When most of us think of professionals, we tend to associate them with success. Whether we visualize them wearing suits or distinctive uniforms, most would agree that they enjoy a respectable income, well-developed skills, and some degree of prestige. But where do you draw the line between a knowledgeable amateur and a true professional? As it turns out, the answer isn’t always so clear.
What Is Professionalism?
For example, it’s widely believed that being a professional means having some type of certification or degree. It’s hard to argue with that idea because after all, they’re recognized by at least one official body as having attained a high degree of proficiency in their chosen field. But what about those who learn a skill on their own and start their own businesses without having earned a degree?
This brings us to another type of professional, which includes those who are just as skilled in their fields, but may have acquired their knowledge some other way. Bill Gates is one such person who comes to mind. He dropped out of college, but went on to create one of the world’s largest companies and put his products in almost every home. He might not have a degree, but would anyone argue that he’s not a professional? I suspect not. Interestingly enough, he employs thousands of individuals who had to get their own degrees to work for him.
Degrees and certifications are little more than fancy pieces of paper, but they can help open doors for you. They exist to impress potential employers, and even customers, if they see those diplomas and certificates hanging on the walls of an office. They can make all the difference when you’re trying to break into a new and exciting field.
Professionalism and Employment
Employers will typically choose someone they feel has either the experience they’re looking for or the education to prove that they know what they’re doing. If it’s experience they want, they may hire an applicant without a degree and encourage him to get one, as a condition of employment. But if they’re looking for an entry-level employee they can mold a certain way, that degree might be the most important determining factor. In this case, the applicant understands all the important concepts, even if he lacks real-world experience.

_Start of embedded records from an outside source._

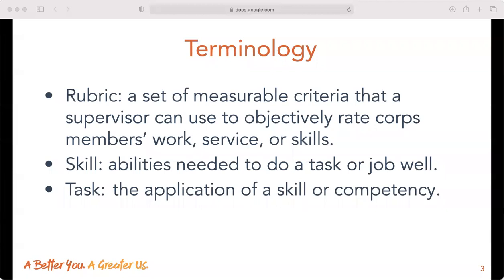As you think about the additional skills and develop rubrics of your own, ask yourself: what tasks would show proficiency in that skill? We suggest you keep the terminology simple. Skills and tasks are used — skills are the ability needed to do a task or job well, while tasks are the application of a skill or competency.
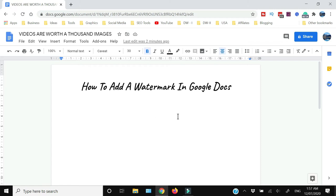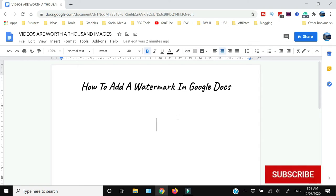Now, as I have been saying in my previous Google Docs tutorials, unlike Microsoft Word, Google Docs is an online software which does not have a lot of functionalities which are available in Microsoft Word. So like most other features of Microsoft Word, there is no direct way of inserting a watermark in Google Docs.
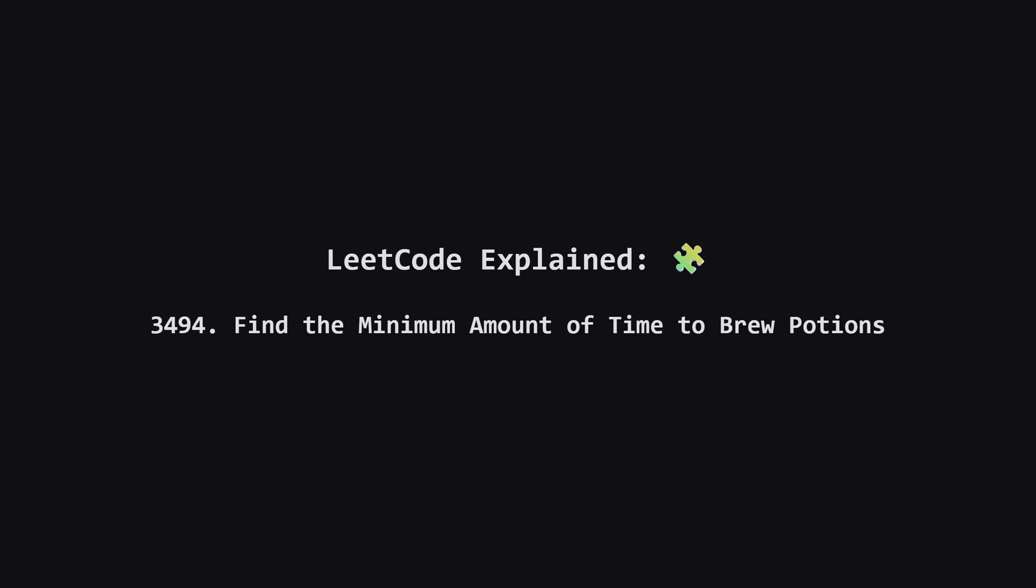Hey everyone, welcome back. Today we're tackling a really interesting problem that's all about scheduling and finding bottlenecks. It's called find the minimum amount of time to brew potions. We'll break down the logic step by step and turn a tricky problem into something super clear. Let's get started.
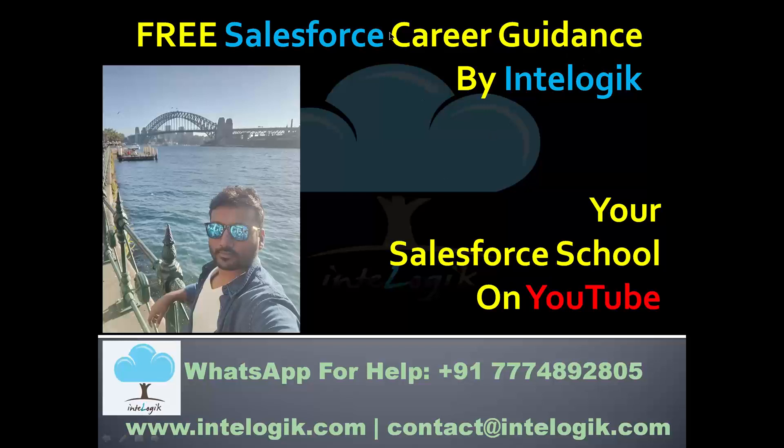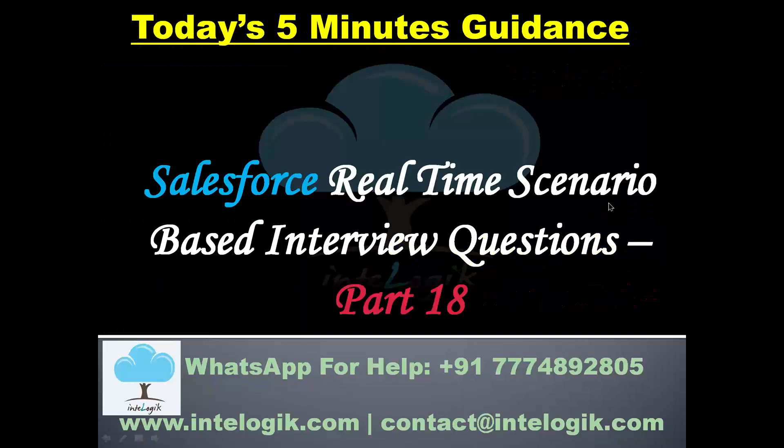Hello guys, welcome to the free Salesforce career guidance by Interlogic. This is your school on Salesforce platform, present on YouTube. We are going to see today scenario number 18 for real-time scenarios based interview questions. In this, we will understand how to answer this kind of questions in the interview.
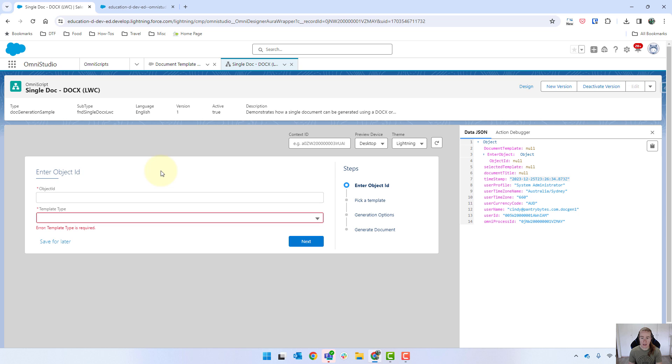Now I will let you know I did have to speed up this video because it did take a little while for all of these to load. So if yours is slow, don't worry. Hang in there. It eventually will come up the same as mine.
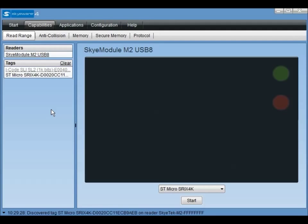Place one of the tags included in your development kit near the antenna and you should see the tag detected and listed in the left-hand column under the reader module. Tags currently in the reader's field are shown in bold and previously seen tags that are not currently available are shown in gray. To clear the list of tags, click the clear button.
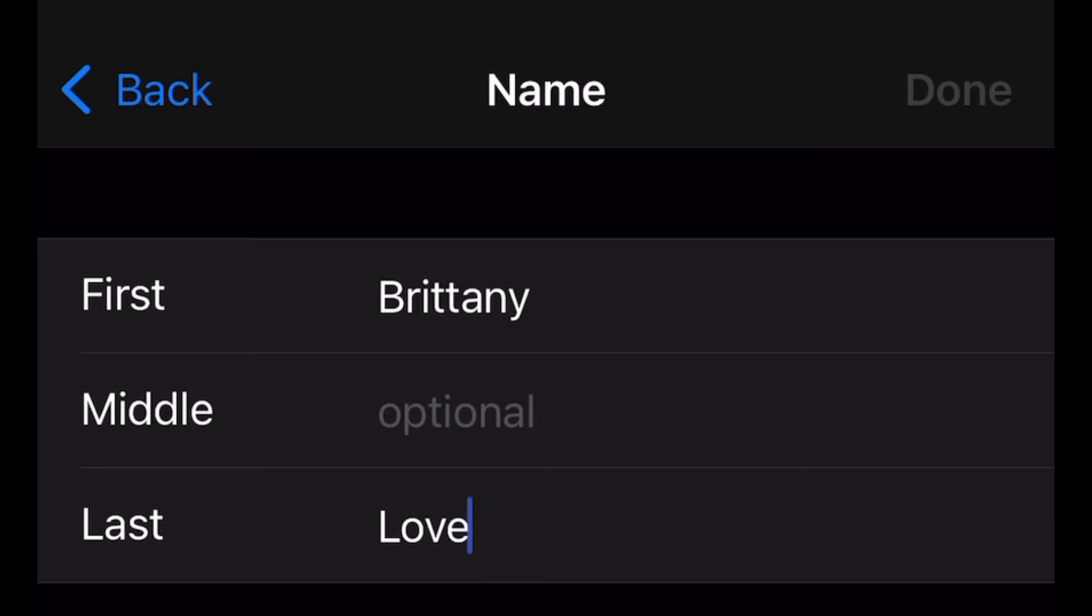Or let's say your name changes or your last name changes, you can update it right here. Once you're done, you just select Done in the top right corner. But yeah guys, that's how you do it.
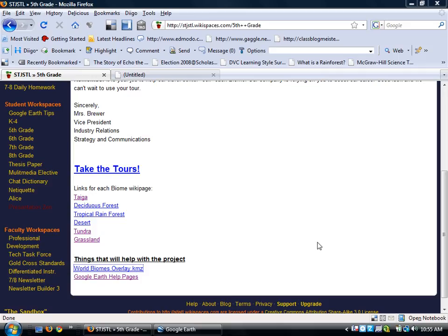This is going to be a short video on how to add a placemark and also add picture and text inside of your placemark using an HTML editor.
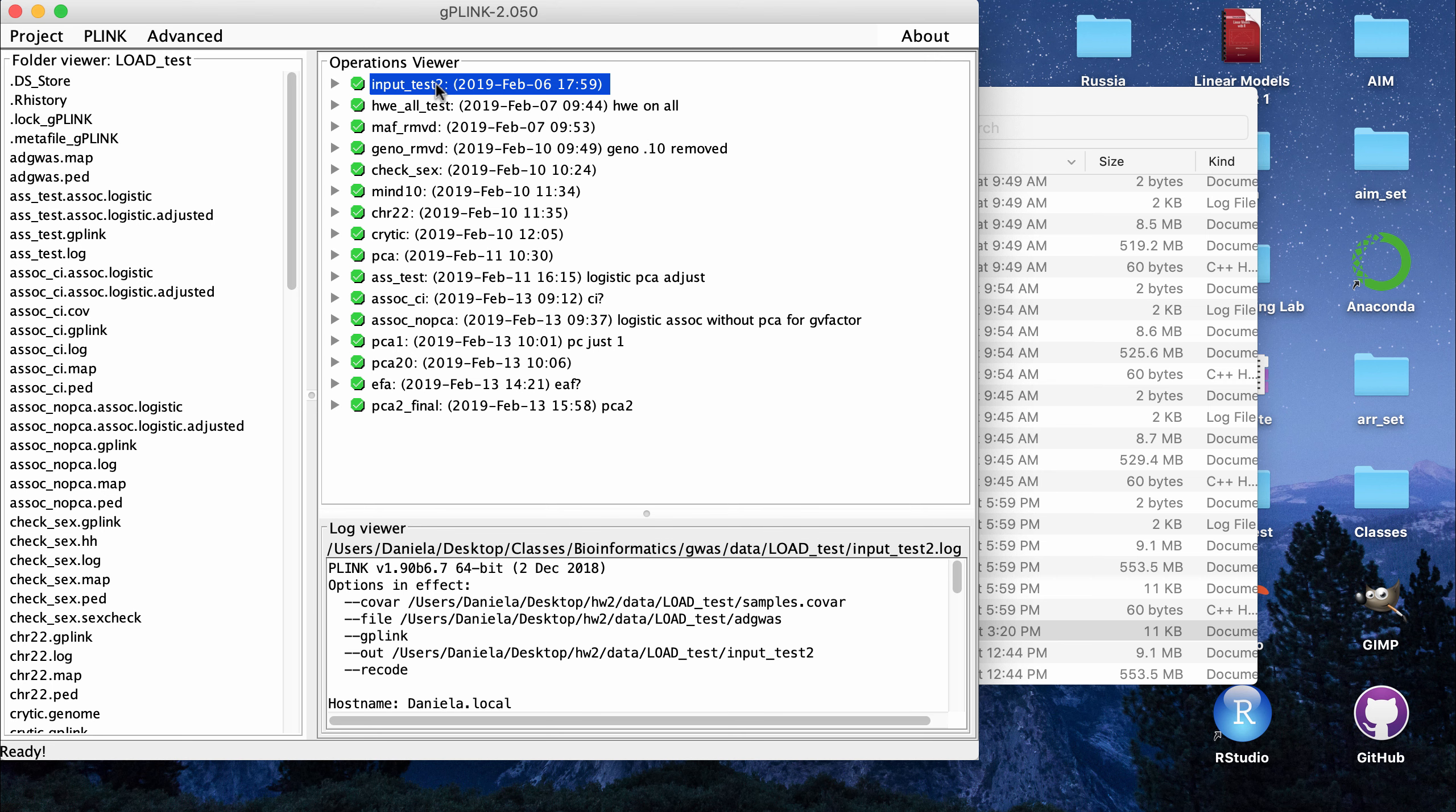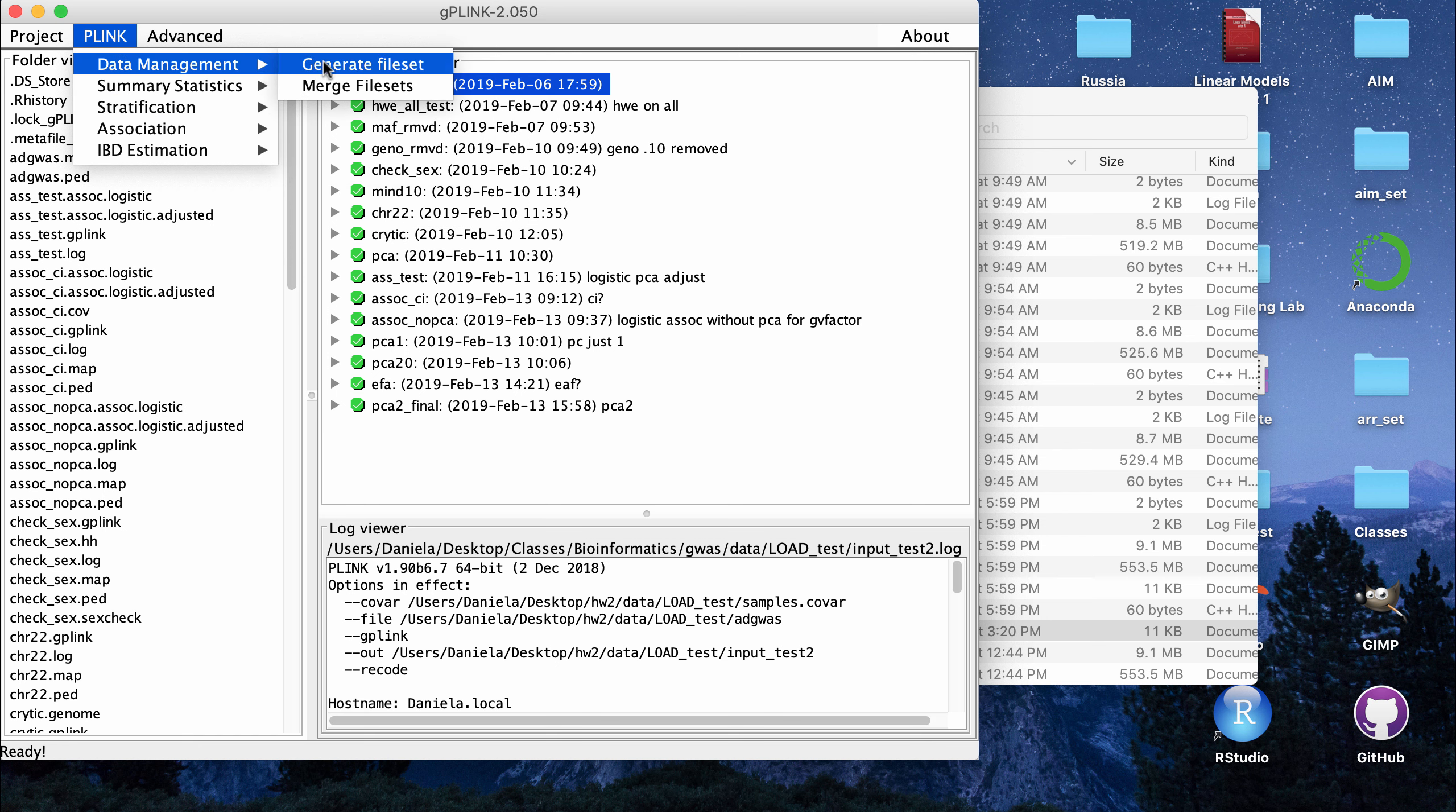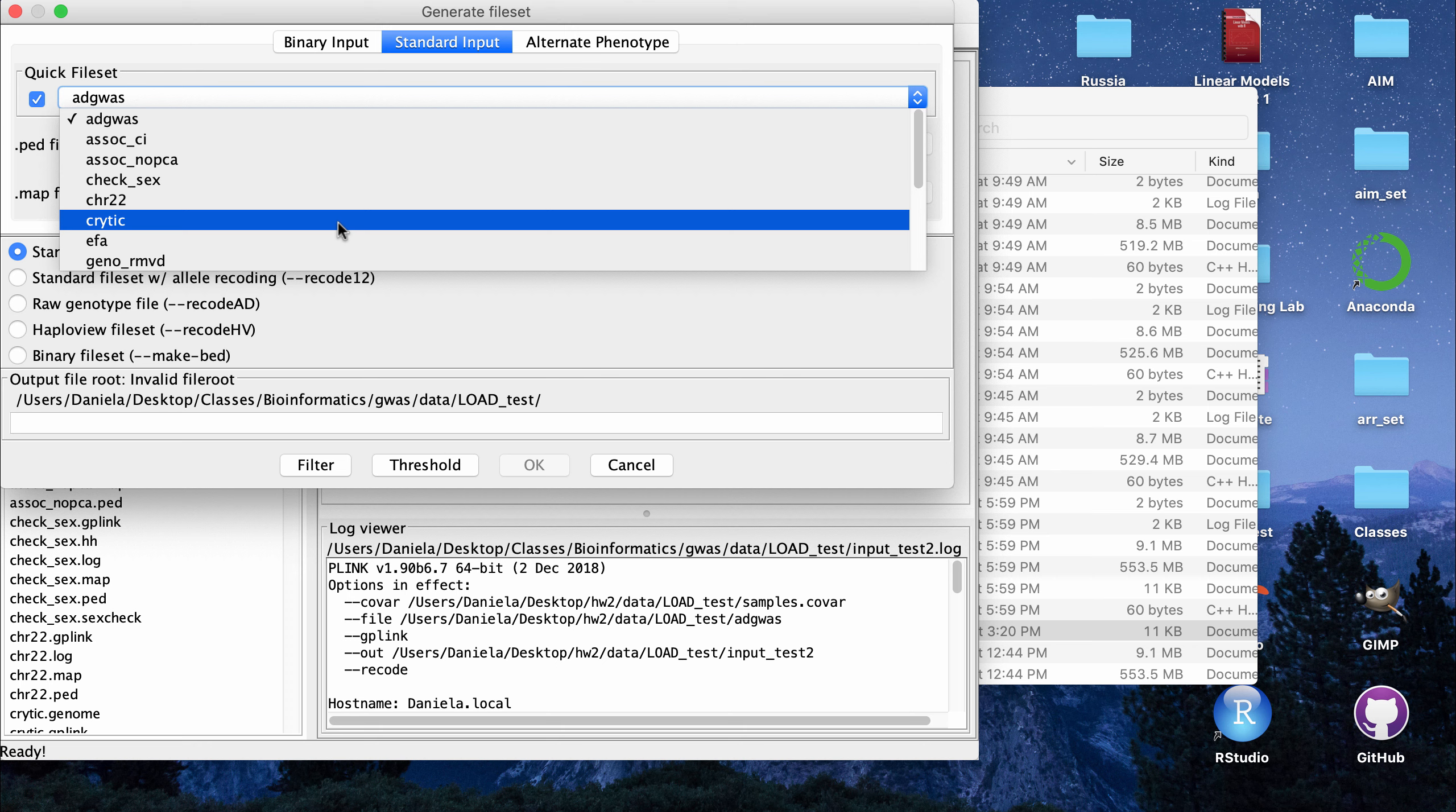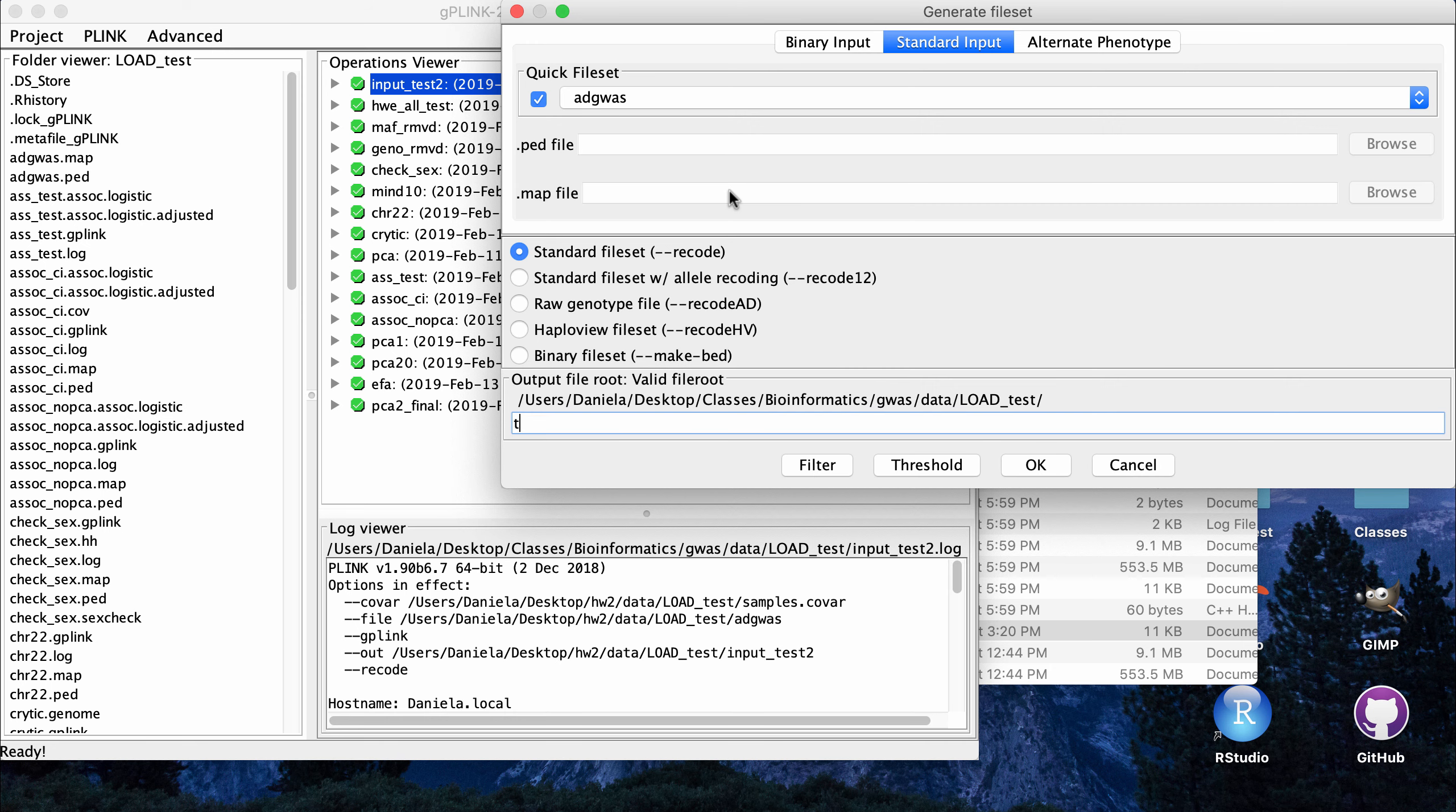So the way I did it was, for example, I started with the ADGWAS or Alzheimer's disease GWAS .ped and .map files, reading those in. And also the sample covariance file. If you want to use the GUI, you have the options to use the flags by picking them using the GUI. Or what I did was I just would go to data management, generate file set. Then I would go to standard input and I would pick the file input that I want to use in my analysis. So the first one that I wanted to use was ADGWAS. And then this area here is the name of what you want to output as. So for every step I named it something else and I tried to give it a name that made sense to what flag I was running or what command I was trying to run.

However, when you’re working for yourself – as long as you don’t have to be licensed in that field for legal reasons, you can still make it your profession. You would then be a professional in at least that sense of the word. This is especially true if you keep it up for years and learn more about the industry than someone fresh out of college. At some point, you might even be looked up to as an authority in the field, especially if you take the time to author a book on the subject, write some articles, create a website, or share your knowledge in videos.
Another thing to consider is how someone carries themselves. In this sense, professionalism is a reflection of the level of integrity one demonstrates on the job. A professional is expected to carry themselves in such a way that the quality of their work and the satisfaction of their customers is more important than financial gain. This implies that virtually anyone can perform as a professional, regardless of how far up the ladder they are and whether they’re certified or not.
A More Comprehensive Meaning
Dictionaries typically define professionalism in terms of conduct or qualities that characterize someone who works in a particular profession. A profession is considered to be an occupation that requires specialized knowledge. When you look at it that way, the implication is that professionalism itself consists of several traits and characteristics that describe different facets of a working person’s life. Some of these would include expertise, competency, integrity, accountability, self-control, confidence, and a polished appearance.
At this point, we seem to have arrived at a clearer definition of professionalism than what we started with. When you think of professionalism in this way, it demonstrates how important it is to develop both your character AND your skills to as high a degree as possible. Although knowing what you’re doing makes you a professional to some extent, you may lack professionalism in another sense of the word, such as if you’re unable to control your emotions under pressure.
On the other hand, you may be very much a professional in terms of your attitude, yet lack sufficient expertise in your field, because you’re relatively new at it. In that situation, you carry yourself as a professional and the job is your profession, but you’re not quite the professional that someone with 20 years more experience would be. You would have to develop your skills beyond the point of mere proficiency to be considered a professional in that sense.
Becoming More Professional
With all this in mind, it seems like the best way to become more professional is to focus on improving in all of these areas. If you’re new in your field, you can still call it your profession and no one’s going to argue that point. But obviously, you’ll be taken more seriously when you attain those certifications, even if you’re planning on working for yourself. This way, if it ever comes up, you’ll be able to demonstrate that you’ve invested time in acquiring specialized knowledge and probably do know what you’re talking about.
You should strive to accumulate as much experience as you possibly can to help you attain above-average competency and be honest about everything you do. If you can be trusted to put the customer’s needs first and do quality work, then you can call yourself a professional. This is especially true if you’re willing to be held accountable for your mistakes, despite the fact that we all make them. If you can do all that under pressure and show up looking sharp, rather than sloppy or unkempt, most would agree that you embody all of the characteristics of a consummate professional.
My point in writing this is to demonstrate that instead of obsessing over whether you have the right to call yourself a professional, it would be better to set that aside and focus on becoming the best version of your working self. In my opinion, that’s what separates a true professional from the rest. The person who most embodies the qualities discussed above is the one who has truly earned this distinction. Remember that professionalism is less about your ego and more about the quality of both your character and the work you produce.